→ TASK ITEM
What is needed is the exact text of each line in the listing below from the one with "Anthems for a Dying Lamb de Philip S Ross" up to and including the one with "Your Lie in", and no pictures.

→ RAW DATA

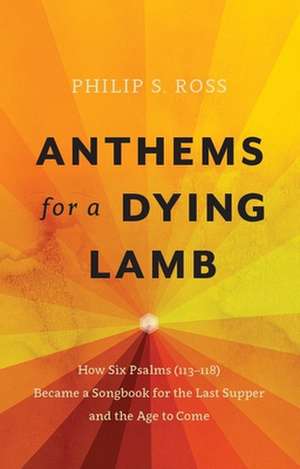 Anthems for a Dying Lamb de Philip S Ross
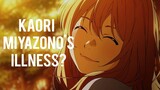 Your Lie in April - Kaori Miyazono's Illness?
--
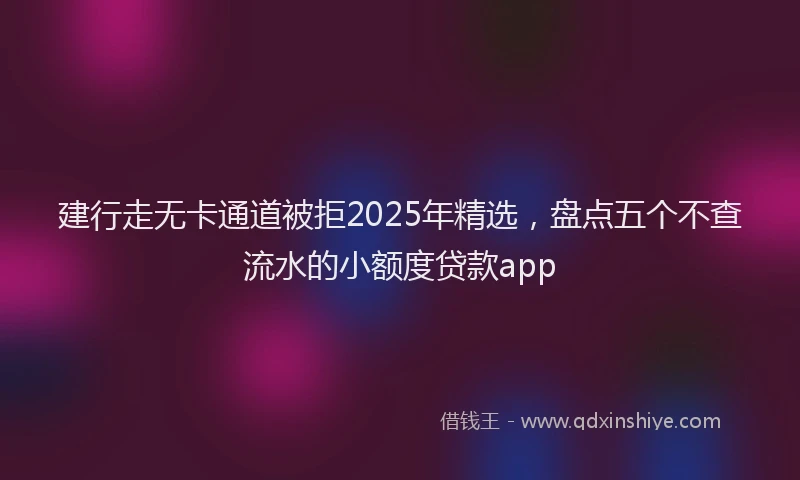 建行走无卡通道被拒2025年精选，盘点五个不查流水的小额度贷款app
---
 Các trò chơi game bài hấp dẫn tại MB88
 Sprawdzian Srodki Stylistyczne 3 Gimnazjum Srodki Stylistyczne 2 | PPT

→ OUTPUT
 Anthems for a Dying Lamb de Philip S Ross
 Your Lie in April - Kaori Miyazono's Illness?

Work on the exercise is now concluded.